When starting out in business I read Steve Jobs’ autobiography and one quote really resonated with me and is something I still swear by. “It doesn’t make sense to hire smart people and tell them what to do; we hire smart people so they can tell us what to do.”

By understanding your own strengths and building on them, you’re freed up to focus on what you’re good at and drive the overall company vision. Hiring experts that make key business decisions has enabled us to scale, build a stronger company and achieve more in a lot less time.

Surrounding yourself with experts also provides the means for your own personal growth. A different set of skills and perspectives helps you look at things from a point of view other than our own, and often leads to the best ideas.

Diana Palmer, Executive Officer, IDEAS

A key leadership priority is looking after your employees. No matter the industry, your people are your business and having them fully behind you can make all the difference to your success. Look after their needs and motivation, invest in training them properly, support their work and ideas – they conduct business on behalf of your brand and ultimately, it’s essential that they believe in its message.

Being armed with a dedicated team is now a business imperative – see lowered costs in training and turnover, higher morale and productivity, better brand and client engagement and so much more. Modern leaders are lucky in that there is so much out there on how to achieve strong relationships with employees. So, look to these solutions, these new employee relationship management tools, and invest in your people.

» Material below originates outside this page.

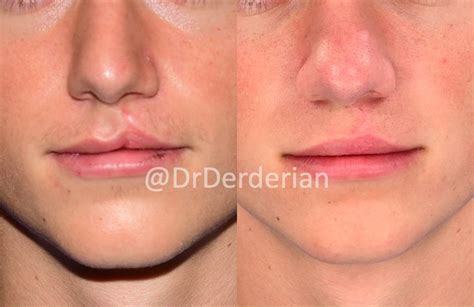 Adult Cleft Rhinoplasty — Dr Derderian — Plastic And Reconstructive Surgery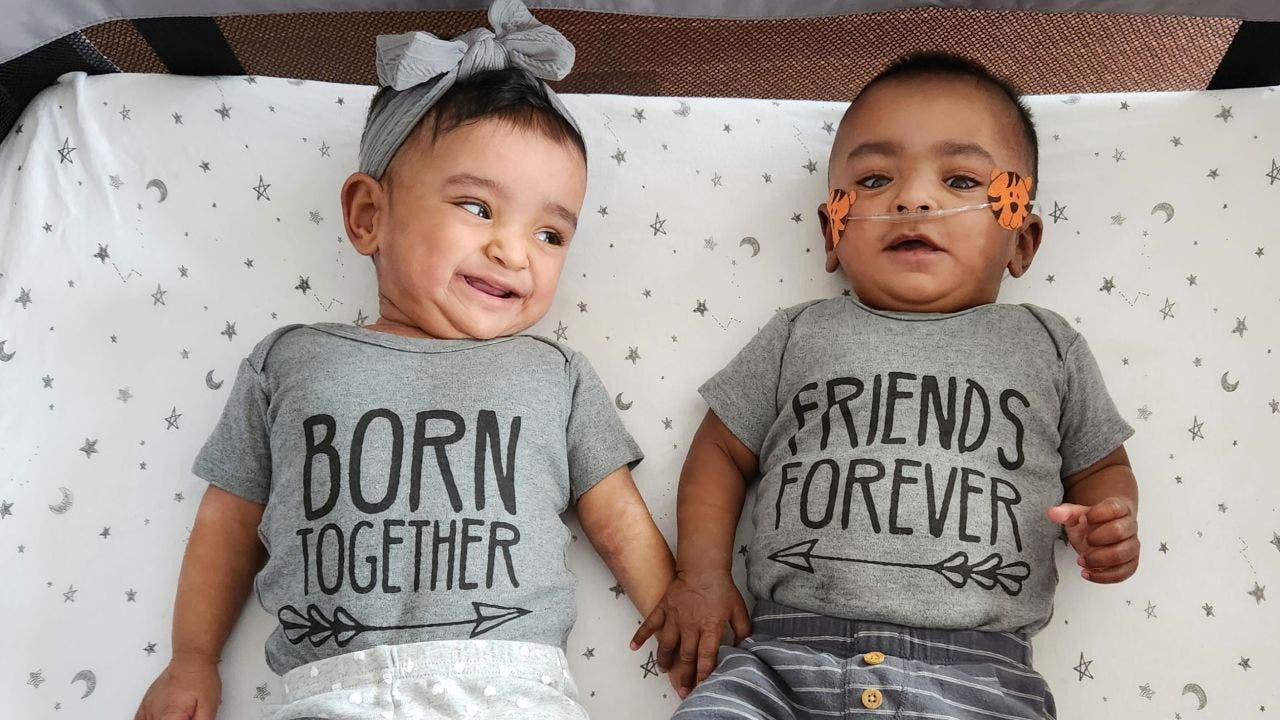 Born 4 months early, world's most premature twins celebrate their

Stephen Barnes, Byronvale Advisors Pty Ltd, Management Consultants

The one rule that encompasses a range of other rules is that your brand is everything.  It is your unique combination of skills and experiences that make you who you are.  It is what others will associate with both you and your business.  Brand is not a logo, is not a company name, and is not a product you sell.  You also do not own your brand – it is owned by your customers or clients.  Your brand is other people’s perception of what it’s like to do business with you, work with you, or be with you.  You also have as many brands as you have customers.  If those customers perception of you or your business is poor you have a weak brand.  It takes a long time to develop your personal brand to the highest level and doesn’t happen by accident.  Once brand takes hold, however, with proper attention it becomes the essence of who you are and what you do. It transcends policy, which enables you to transcend commodity. Brand becomes the way you do everything, almost without thinking. Brand is everything and it should be your top priority to build, protect, and represent your brand to the best of your ability with everyone you meet.

James Spittal, CEO at Web Marketing ROI 

Believe in data above all else. Many newly appointed executives will overlook the data and say, “we don’t need to test that; we know our customers”, but how can they be sure? Making business decisions without checking the data at your disposal is essentially making a complete guess and good leaders don’t guess. How can you provide value if you don’t confidently know exactly what your customers want? In the words of Amazon’s Jeff Bezos, “our success is a function of how many experiments we do per year, per month, per week, per day”. Avoid guessing if the data can be sought: good leadership requires the determination and doggedness to run extensive experiments every day.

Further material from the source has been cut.